> [Exercise brief]
What you produce should be the lines from the line containing "Woo isDaphne online show from 28, 3, 2026" through the last line below, both ends included, reproduced exactly and without pictures.

::: Listed records

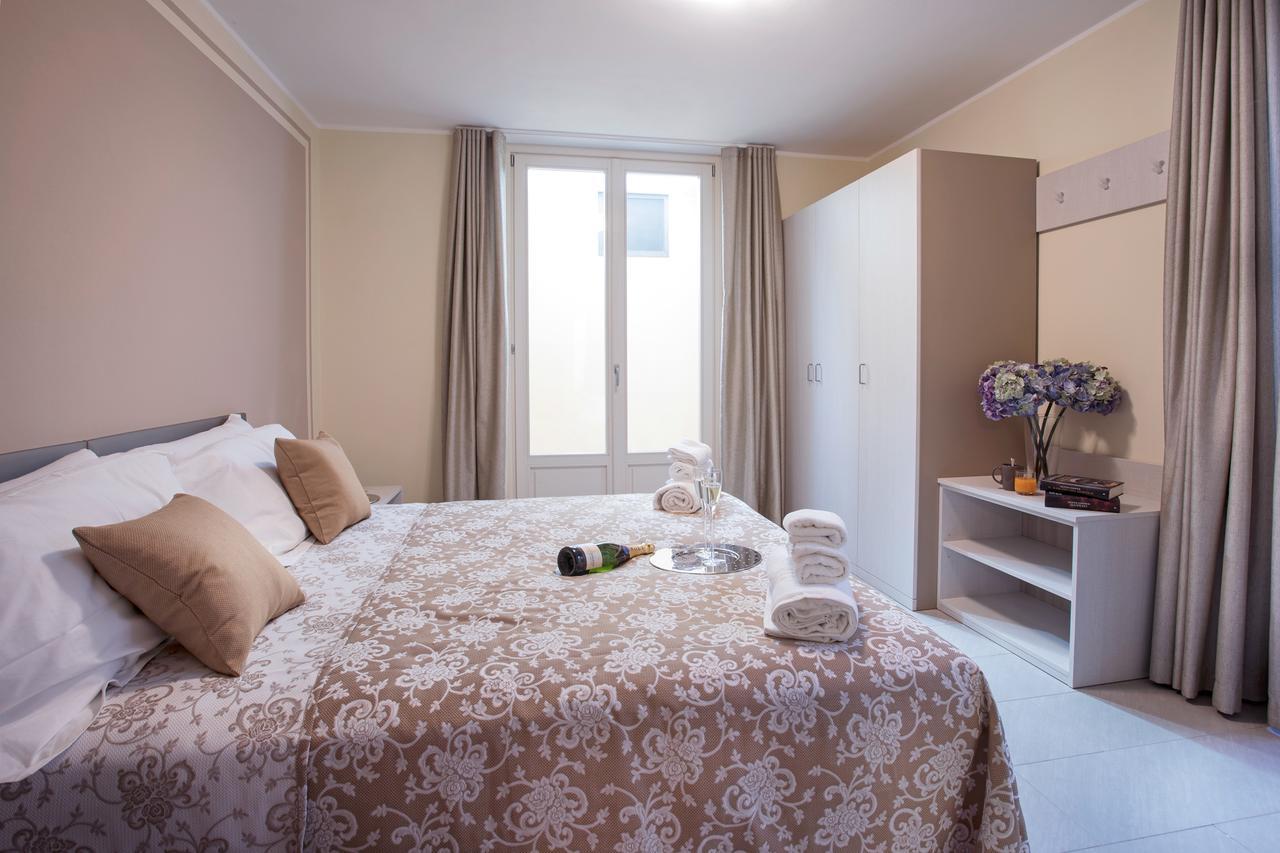 Ossuccio Grande C Home With Pool Sleeps 12 By Italian Apartments Como Exterior photo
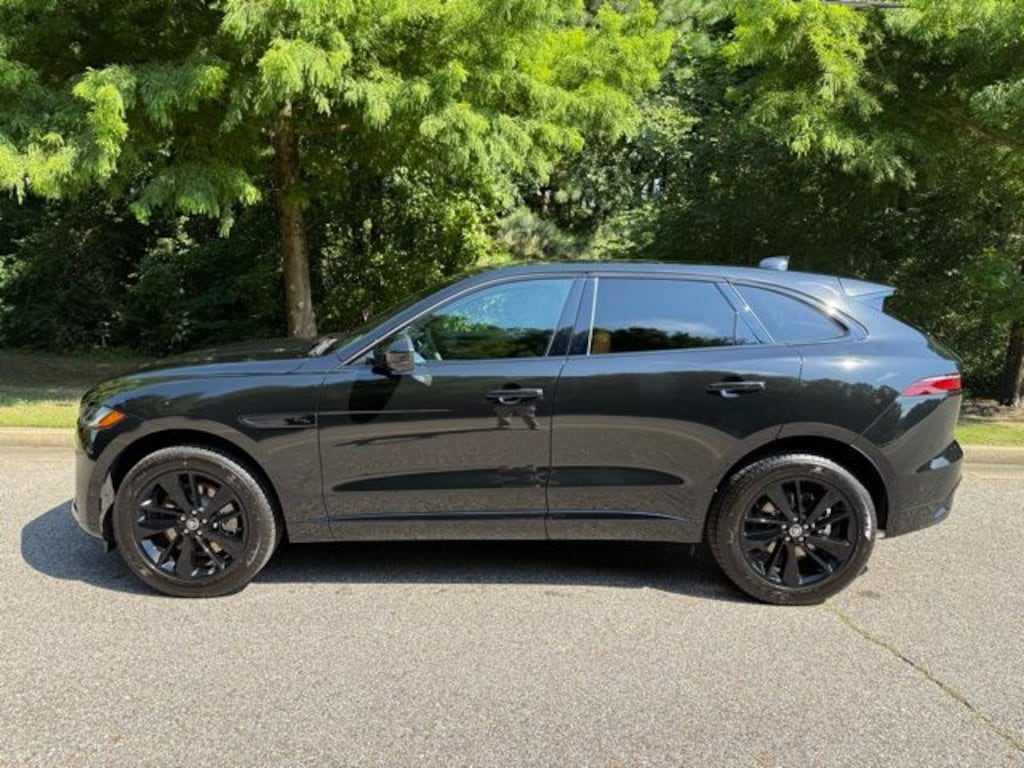 New 2026 Jaguar F-PACE P250 R-Dynamic S SUV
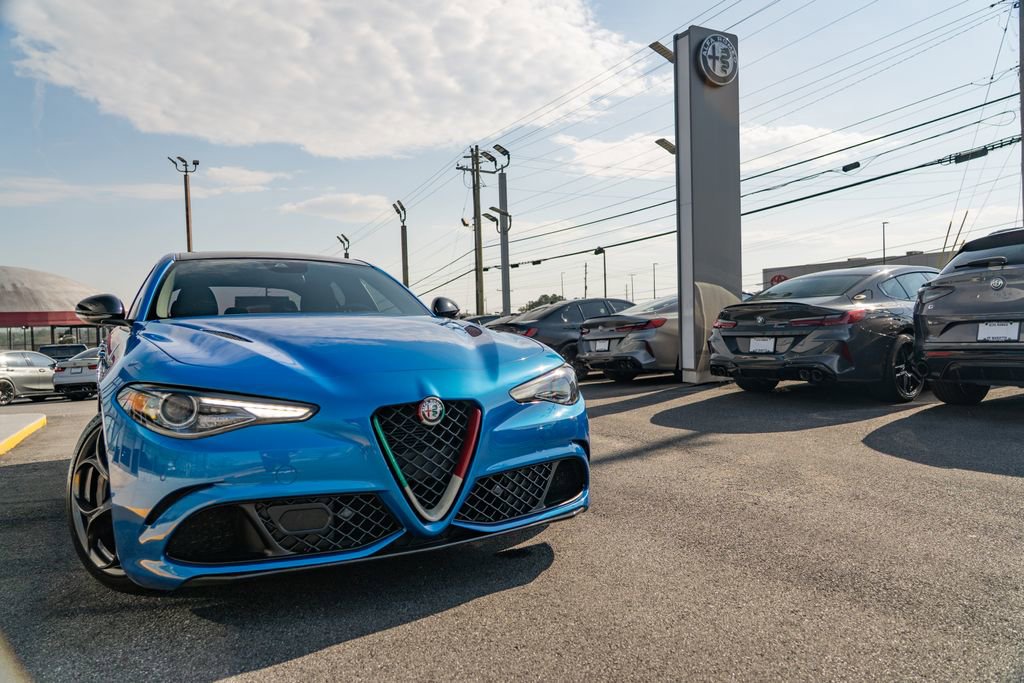Used 2023 Alfa Romeo Giulia Quadrifoglio image 12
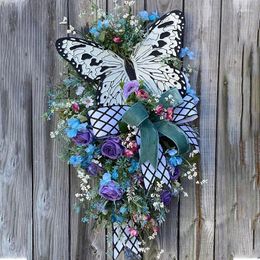 Decorative Figurines Butterfly Rose Wreath Hanging Artificial Flower Home Decor For Door Wall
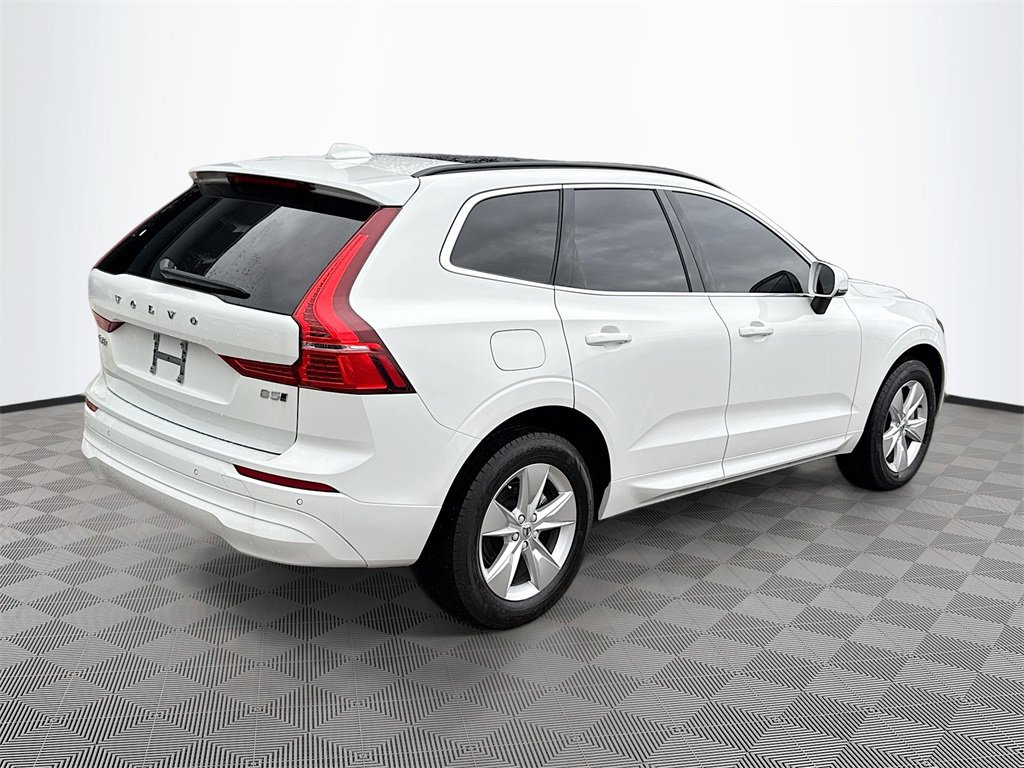 Used 2022 Volvo XC60 B5 Momentum image 6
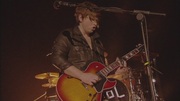 кадр из фильма Kings оf Leon - концерт в Лондоне (Kings of Leon - Live at the O2 London, England) - 1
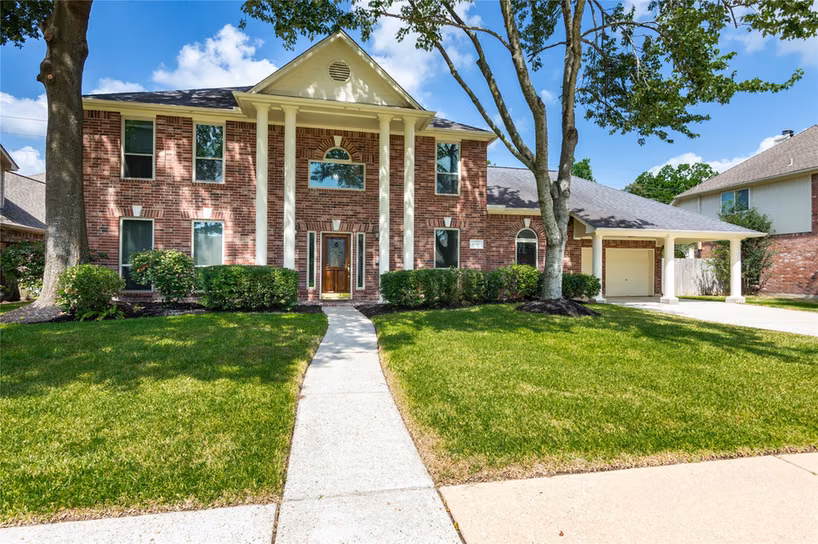 Photo of 16410 Avenplace Road, Tomball, TX 77377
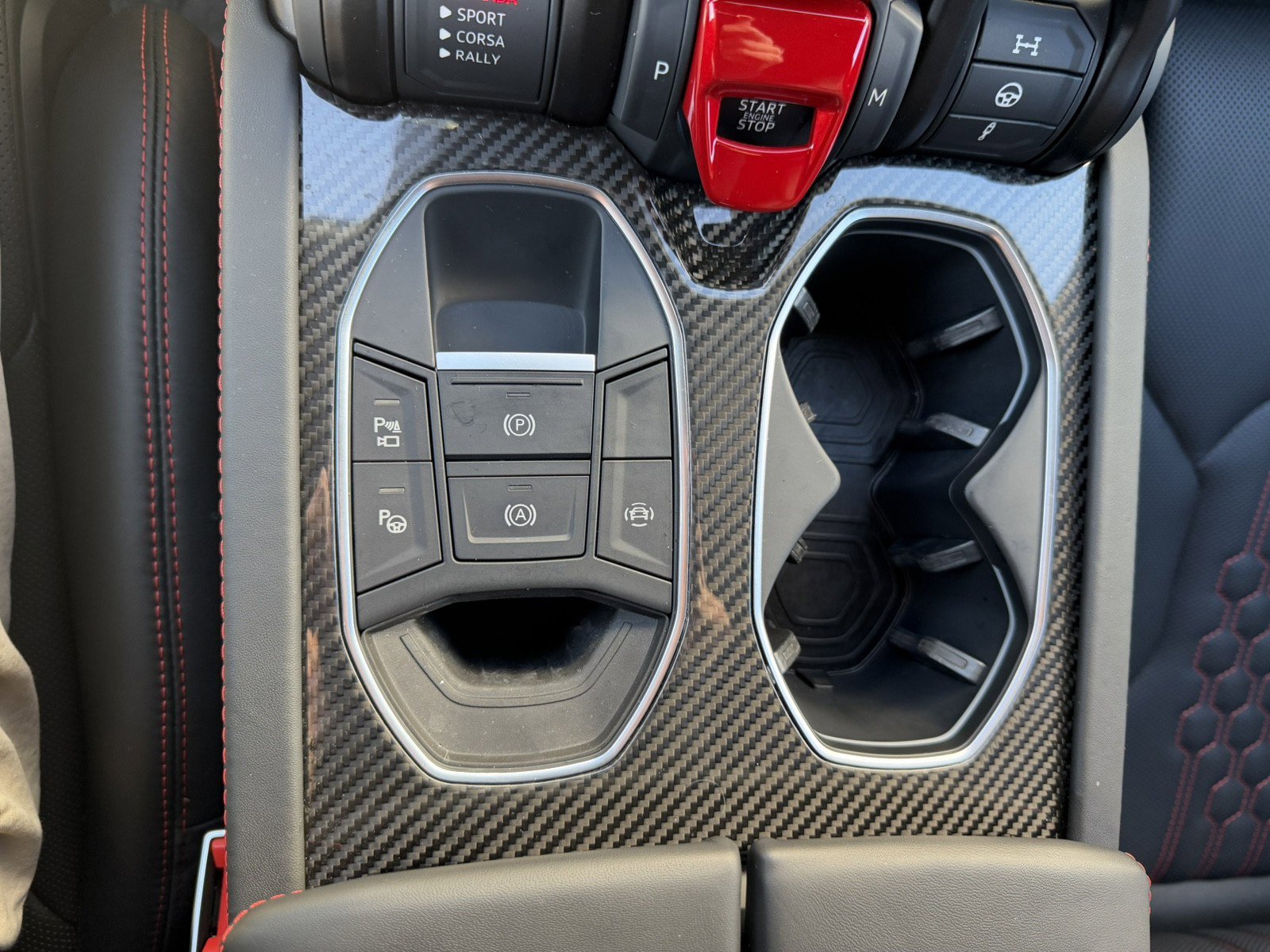 Used 2023 Lamborghini Urus Performante image 17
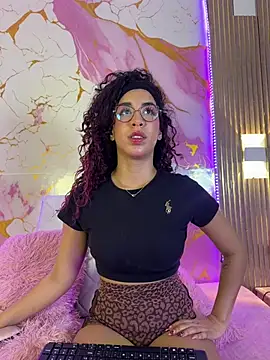 Woo isDaphne online show from 28, 3, 2026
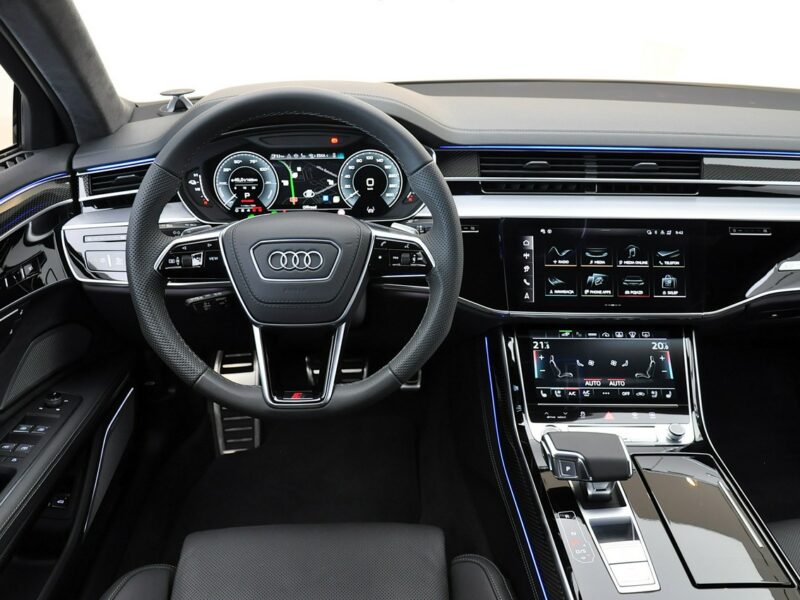 Audi A8 60TFSIe Quattro LONG DigitalLed B&O Kamery360 OśSkrętna TempomatACC TV D5 (2017-)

::::::

> [Solution for this problem]
 Woo isDaphne online show from 28, 3, 2026
 Audi A8 60TFSIe Quattro LONG DigitalLed B&O Kamery360 OśSkrętna TempomatACC TV D5 (2017-)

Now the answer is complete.